Film Review: ‘Taken 2’

★★☆☆☆

Pierre Morel’s original ‘old-man-kicking-ass’ flick Taken (2008) heralded the reinvention of Liam Neeson as the man we all wished was our dad. Sadly, its inevitable sequel Taken 2 (2012), sloppily assembled at the hands of the ludicrously-monikered Olivier Megaton, dilutes virtually everything that made the first film work against the odds. Set a year on from the events of the first film, noted killing machine Bryan Mills (Neeson) is reintroduced to audiences whilst on a ‘business’ trip to the Turkish city of Istanbul.

Upon arrival, Mills is greeted unexpectedly by his daughter Kim (Maggie Grace), and ex-wife Lenore (Famke Janssen). However, the sadistic Murad (Rade Šerbedžija), whose friends and family largely accounted for Mills’ trail of the dead last time, is out for revenge; as such, the thrust of Taken 2 – or rather, Taken Too – has Kim racing across Istanbul to try and recover her snatched ‘rents, untrained and entirely out-gunned as she is.

Without question, this is The Hangover Part II (2011) of action films, not only ludicrously implausible but lazy and soul-crushingly cynical, keen to milk the cash-cow while failing to reinvent the formula or, due to some horribly erratic editing in order to secure a neutered 12A rating, even thrill on the most basically visceral of levels. A promising start suggest self-awareness, but this promptly gives way to stodgy drama, with the titular event not taking place until we’re over half-an-hour in.

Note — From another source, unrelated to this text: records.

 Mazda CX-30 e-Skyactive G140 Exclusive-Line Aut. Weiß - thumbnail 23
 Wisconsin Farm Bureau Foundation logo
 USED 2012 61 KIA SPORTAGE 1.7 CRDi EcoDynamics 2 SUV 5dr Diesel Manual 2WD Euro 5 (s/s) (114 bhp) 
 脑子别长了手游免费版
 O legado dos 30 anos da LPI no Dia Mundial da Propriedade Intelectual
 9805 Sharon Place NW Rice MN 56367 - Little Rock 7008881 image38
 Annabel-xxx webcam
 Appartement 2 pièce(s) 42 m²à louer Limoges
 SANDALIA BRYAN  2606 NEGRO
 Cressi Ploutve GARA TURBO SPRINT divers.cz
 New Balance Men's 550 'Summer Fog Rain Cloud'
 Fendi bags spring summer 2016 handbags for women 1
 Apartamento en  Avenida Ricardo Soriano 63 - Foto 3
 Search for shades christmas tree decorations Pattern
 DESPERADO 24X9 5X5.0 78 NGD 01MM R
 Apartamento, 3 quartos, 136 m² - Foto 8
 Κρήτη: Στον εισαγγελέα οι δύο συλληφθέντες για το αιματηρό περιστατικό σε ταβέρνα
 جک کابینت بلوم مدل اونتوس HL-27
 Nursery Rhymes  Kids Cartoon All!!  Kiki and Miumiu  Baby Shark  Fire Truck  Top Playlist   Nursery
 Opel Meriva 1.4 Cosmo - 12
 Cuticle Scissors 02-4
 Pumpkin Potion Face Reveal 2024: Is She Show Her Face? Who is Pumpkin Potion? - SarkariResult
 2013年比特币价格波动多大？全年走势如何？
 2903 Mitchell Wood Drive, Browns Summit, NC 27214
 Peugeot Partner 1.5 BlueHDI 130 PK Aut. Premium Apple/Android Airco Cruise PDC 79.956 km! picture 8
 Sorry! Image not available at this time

What really disappoints, however, is Megaton’s lifelessly dull action sequences; there is no energy or excitement as in even his deeply flawed other works, simply the sound of Fox ringing the cash register with a vile sense of urgency. Compounding this problem is the poor editing on the whole – not merely for rating purposes – in which impacts shots are difficult to follow because Megaton does not allow them to breathe for more than one quarter of a second each.

There is one genuinely entertaining scene in the entire film – when Bryan instructs his daughter how to use a shoelace, a pencil and some grenades to deduce his rough location – yet its MacGyver-inspired lunacy feels at odds with a tone that is otherwise achingly, depressingly self-serious, suggesting the scene was never meant to make us laugh in the first place. Sadly, Taken 2 can’t even deliver lowest common denominator thrills, instead brutally misfiring and wasting its entire cast – especially Neeson – with an alarming enthusiasm in the process.